First, I have to study the singularities of $f(z)=(4z^2+1)\tanh (\pi z) $, and calculate the residues. This part should be correct, I found that $f $ has simple poles in the points $\{z_n =\frac i 2+ni: n\in \mathbb Z,n\ne0,-1\}$, and removable singularities in $\frac i 2 $ and $-\frac i 2 $; the residue of the pole in a $z_n $ is equal to $\frac {4z_n^2+1} \pi$.

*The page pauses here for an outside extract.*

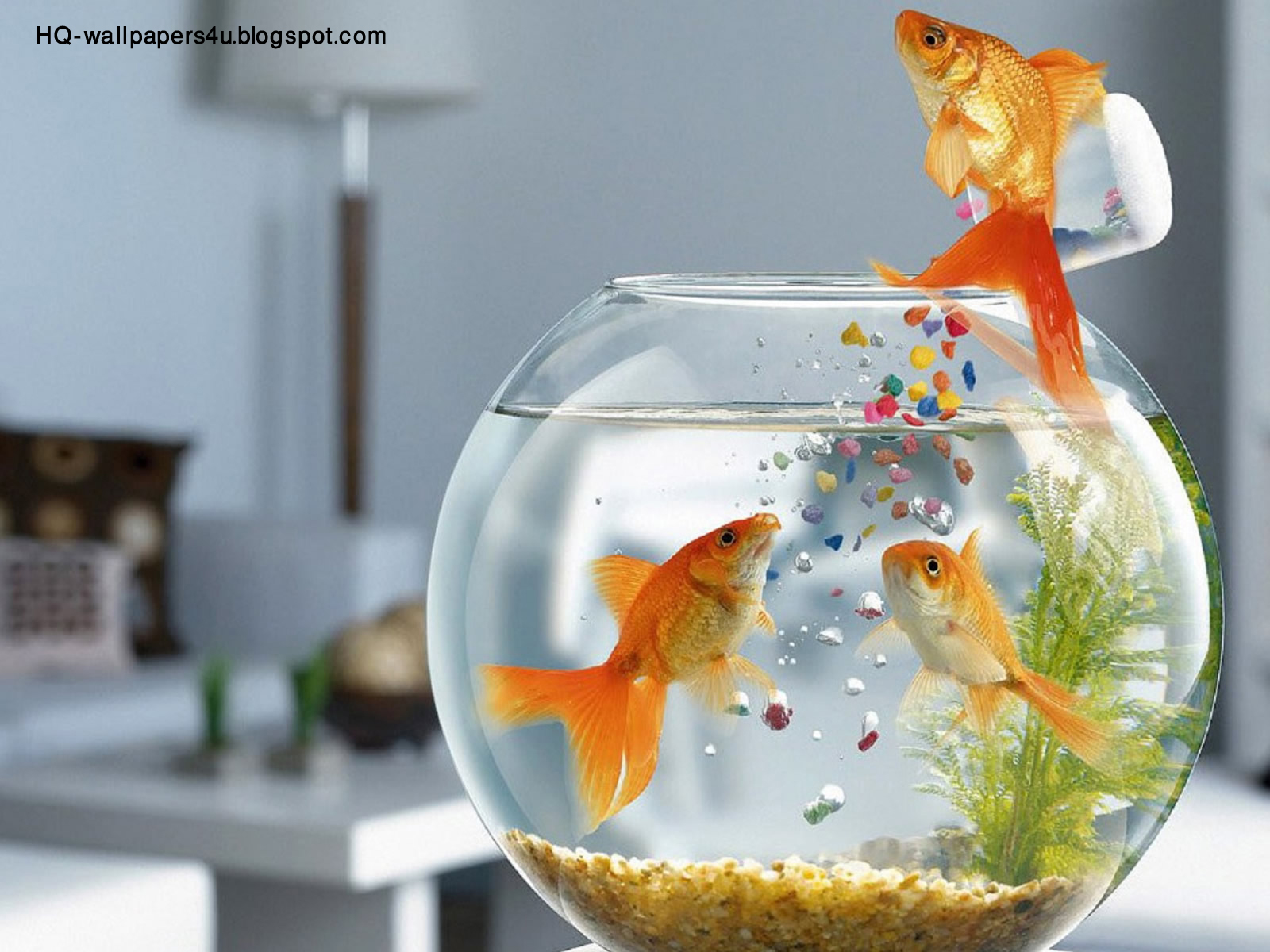 3D Fish Wallpapers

I'm in trouble with the second part: calculate $\int_{C_R (0)} f (z)dz$, for $R $ sufficiently large. My only idea was to sum the residues, so I tried with $$2\sum_1^\infty \frac { \Bigl(\frac i 2+in\Bigl)^2+1} \pi$$ since $f $ is symmetrical on the imaginary axis. However this series doesn't converge, so I think I must be wrong with something. Thank you in advance
If as you say the residue at the pole $\;z_n=\cfrac{(2n+1) i}2\;$ is
$$\frac{4z_n^2+1}\pi=\frac1\pi\left(-(2n+1)^2+1\right)=\frac1\pi(-4n^2-4n)=-\frac{4n} \pi(n+1)$$
so for big $\;R\;$, we get a finite sum of residues
$$\frac4\pi\sum_{n=-k}^k(n^2+n)=\frac4\pi\left[2\sum_{n=1}^kn^2+0\right]=\frac8\pi\frac{k(k+1)(2k+1)}6=\frac4{3\pi}k(k+1)(2k+1)$$
Of course, you take out from the above the case for $\;n=-1\;$ and etc.